Drizzò le orecchie quando passò vicino alla staccionata con siepe che delimitava il loro giardino con piscina. Qualcuno stava parlando e riconobbe la voce di Hunter. Si arrestò, cercando di concentrarsi. Sì: era Hunter, e stava parlando con un'altra persona lì presente.

Con molta cautela, cercò un punto dove la siepe fosse meno fitta e si piegò per sbirciare.

Non riusciva a sentire una sola parola distinta, ma la voce era maschile. Riuscì, tra le foglie, a scorgere l'uomo che conosceva e accanto a lui un altro, significativamente più giovane o almeno così sembrava. Quest'ultimo aveva una mano sui fianchi e parlava gesticolando. Pareva alterato, ma non eccessivamente. Da quell'angolazione, Scott riusciva solo a vedere che era poco più basso di Hunter e che aveva i capelli castani e corti, ma era abbastanza certo di non averlo mai visto prima. Storse la bocca. Vide Hunter, all'improvviso, accarezzargli il braccio in un gesto rassicurante, il ragazzo che si scostava con uno strappo adirato. Poi, però, riprendevano a parlare.

Scott si tirò su, confuso. Un piccolo nodo allo stomaco che si stringeva. Chi era? Se entrava adesso nella villetta, l'avrebbe scoperto. Cercò di respirare lentamente. Riprese a camminare, un passo dietro l'altro, comportandosi come se dovesse camminare sulle uova.

Quando fu nel vialetto d'accesso, con l'erba bella tagliata ai lati, quasi sussultò vedendo la porta che si apriva. Era troppo tardi per nascondersi. E, comunque, non ce n'era motivo. Fatto stava che dalla porta stava uscendo proprio il ragazzo della piscina, solo. Lo guardò meglio, prima che notasse la sua presenza: indossava dei normali jeans e una maglietta arancione con delle palme disegnate e, sopra, una camicia con una fantasia marrone stinto a maniche corte. Qualcosa nella sua persona diede a Scott la suggestione che si trattasse di un altro artista. Il ragazzo alla fine sollevò gli occhi su di lui e si accorse della sua presenza. Le pupille si contrassero. Rallentò.

Scott comprese che voleva fermarsi a parlare prima ancora che lo facesse. Così lo prevenne: "Ciao. Sei un allievo di Hunter?"

"No. Tu devi essere il ragazzo che gli ronza intorno adesso, eh? Quanti anni hai?" gli domandò lui severo.

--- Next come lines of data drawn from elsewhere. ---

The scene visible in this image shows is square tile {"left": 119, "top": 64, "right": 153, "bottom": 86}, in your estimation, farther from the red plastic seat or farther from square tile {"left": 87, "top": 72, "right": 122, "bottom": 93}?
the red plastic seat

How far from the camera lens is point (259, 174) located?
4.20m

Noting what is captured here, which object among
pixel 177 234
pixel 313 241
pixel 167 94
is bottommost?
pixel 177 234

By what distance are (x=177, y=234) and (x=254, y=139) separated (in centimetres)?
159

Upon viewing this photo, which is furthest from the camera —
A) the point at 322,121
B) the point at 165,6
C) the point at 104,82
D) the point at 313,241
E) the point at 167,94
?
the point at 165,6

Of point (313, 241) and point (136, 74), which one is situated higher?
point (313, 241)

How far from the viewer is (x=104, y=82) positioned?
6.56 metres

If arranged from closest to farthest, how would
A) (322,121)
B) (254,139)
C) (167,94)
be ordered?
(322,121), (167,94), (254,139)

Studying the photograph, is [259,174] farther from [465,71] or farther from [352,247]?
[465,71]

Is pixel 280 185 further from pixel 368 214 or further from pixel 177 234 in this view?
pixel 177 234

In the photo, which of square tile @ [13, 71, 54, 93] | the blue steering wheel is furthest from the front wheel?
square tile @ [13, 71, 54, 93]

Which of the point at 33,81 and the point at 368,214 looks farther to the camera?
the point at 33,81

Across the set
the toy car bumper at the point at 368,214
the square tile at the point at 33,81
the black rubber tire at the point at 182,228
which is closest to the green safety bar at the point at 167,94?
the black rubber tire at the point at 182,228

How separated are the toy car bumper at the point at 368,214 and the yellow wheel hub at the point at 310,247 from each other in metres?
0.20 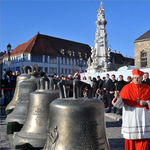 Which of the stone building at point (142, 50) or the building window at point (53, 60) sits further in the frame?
the building window at point (53, 60)

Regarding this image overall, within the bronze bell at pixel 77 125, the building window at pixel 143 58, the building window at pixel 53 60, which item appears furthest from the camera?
the building window at pixel 53 60

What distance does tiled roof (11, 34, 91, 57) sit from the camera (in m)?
67.2

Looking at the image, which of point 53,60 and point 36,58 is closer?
point 36,58

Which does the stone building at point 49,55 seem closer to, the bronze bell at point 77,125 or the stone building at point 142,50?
the stone building at point 142,50

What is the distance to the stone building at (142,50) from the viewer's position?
134 feet

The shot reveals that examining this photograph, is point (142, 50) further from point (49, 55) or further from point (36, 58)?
point (49, 55)

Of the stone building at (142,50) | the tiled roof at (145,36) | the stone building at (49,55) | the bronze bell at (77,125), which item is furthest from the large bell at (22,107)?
the stone building at (49,55)

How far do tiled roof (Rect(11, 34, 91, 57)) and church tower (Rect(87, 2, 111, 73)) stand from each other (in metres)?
32.1

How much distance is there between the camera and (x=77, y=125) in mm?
2469

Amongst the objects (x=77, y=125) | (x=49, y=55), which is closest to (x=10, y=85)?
(x=77, y=125)

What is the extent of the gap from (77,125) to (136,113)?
6.66 ft

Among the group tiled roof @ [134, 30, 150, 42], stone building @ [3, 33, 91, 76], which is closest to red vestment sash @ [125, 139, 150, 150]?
tiled roof @ [134, 30, 150, 42]

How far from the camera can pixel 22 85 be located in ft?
19.0

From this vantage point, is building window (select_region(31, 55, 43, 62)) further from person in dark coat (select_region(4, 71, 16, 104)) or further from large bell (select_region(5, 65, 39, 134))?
large bell (select_region(5, 65, 39, 134)) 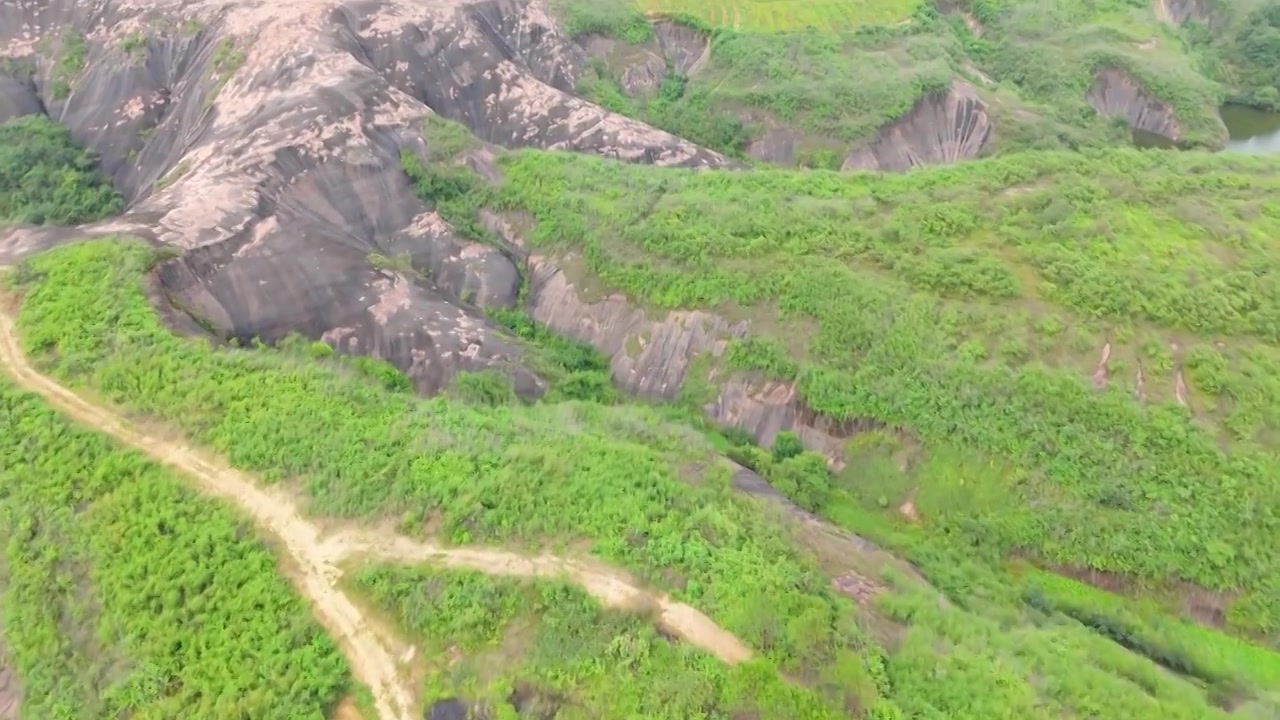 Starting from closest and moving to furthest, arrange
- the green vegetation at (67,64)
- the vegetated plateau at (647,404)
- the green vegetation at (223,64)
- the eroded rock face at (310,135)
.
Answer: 1. the vegetated plateau at (647,404)
2. the eroded rock face at (310,135)
3. the green vegetation at (223,64)
4. the green vegetation at (67,64)

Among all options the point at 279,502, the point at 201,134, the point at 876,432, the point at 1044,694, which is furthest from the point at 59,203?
the point at 1044,694

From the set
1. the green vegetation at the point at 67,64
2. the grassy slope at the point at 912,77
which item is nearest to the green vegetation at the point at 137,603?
the green vegetation at the point at 67,64

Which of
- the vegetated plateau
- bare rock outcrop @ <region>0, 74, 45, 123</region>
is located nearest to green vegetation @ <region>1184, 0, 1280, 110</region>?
the vegetated plateau

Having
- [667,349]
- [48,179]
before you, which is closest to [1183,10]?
[667,349]

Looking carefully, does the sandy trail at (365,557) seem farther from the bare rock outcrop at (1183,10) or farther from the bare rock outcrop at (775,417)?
the bare rock outcrop at (1183,10)

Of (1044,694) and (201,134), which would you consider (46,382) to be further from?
(1044,694)

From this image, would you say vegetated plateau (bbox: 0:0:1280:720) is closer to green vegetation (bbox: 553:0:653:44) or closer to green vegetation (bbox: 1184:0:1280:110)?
green vegetation (bbox: 553:0:653:44)

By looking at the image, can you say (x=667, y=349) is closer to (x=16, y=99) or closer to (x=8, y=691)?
(x=8, y=691) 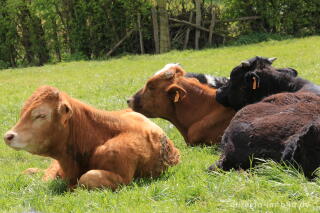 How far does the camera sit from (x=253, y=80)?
8445 mm

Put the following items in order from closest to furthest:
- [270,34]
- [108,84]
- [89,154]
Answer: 1. [89,154]
2. [108,84]
3. [270,34]

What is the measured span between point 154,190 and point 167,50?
25.6 m

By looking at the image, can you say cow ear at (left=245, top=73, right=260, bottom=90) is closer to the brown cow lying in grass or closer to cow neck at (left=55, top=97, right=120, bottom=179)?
the brown cow lying in grass

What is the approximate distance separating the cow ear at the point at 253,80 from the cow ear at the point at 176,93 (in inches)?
46.1

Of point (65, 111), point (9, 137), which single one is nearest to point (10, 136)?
point (9, 137)

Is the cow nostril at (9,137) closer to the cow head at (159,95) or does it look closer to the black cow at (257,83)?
the cow head at (159,95)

Senza scomporsi, Scott abbozzò un sorriso e porse la mano in un gesto affabile: "Mi chiamo Scott Wilson. Ho ventuno anni. Questo rappresenta un qualche tipo di problema?"

"Parecchi" fu la sua secca risposta. Il ragazzo gli strinse la mano e disse: "Sono Daniel Smith."

Da quella risposta così fulminante, Scott non ebbe più dubbi; anche quel ragazzo doveva essere una sorta di amante o qualcosa di simile. Sembrava infastidito dalla sua presenza, quantomeno; forse era geloso di essere stato soppiantato da qualcuno più giovane. In ogni caso, la questione non piaceva molto neanche a Scott.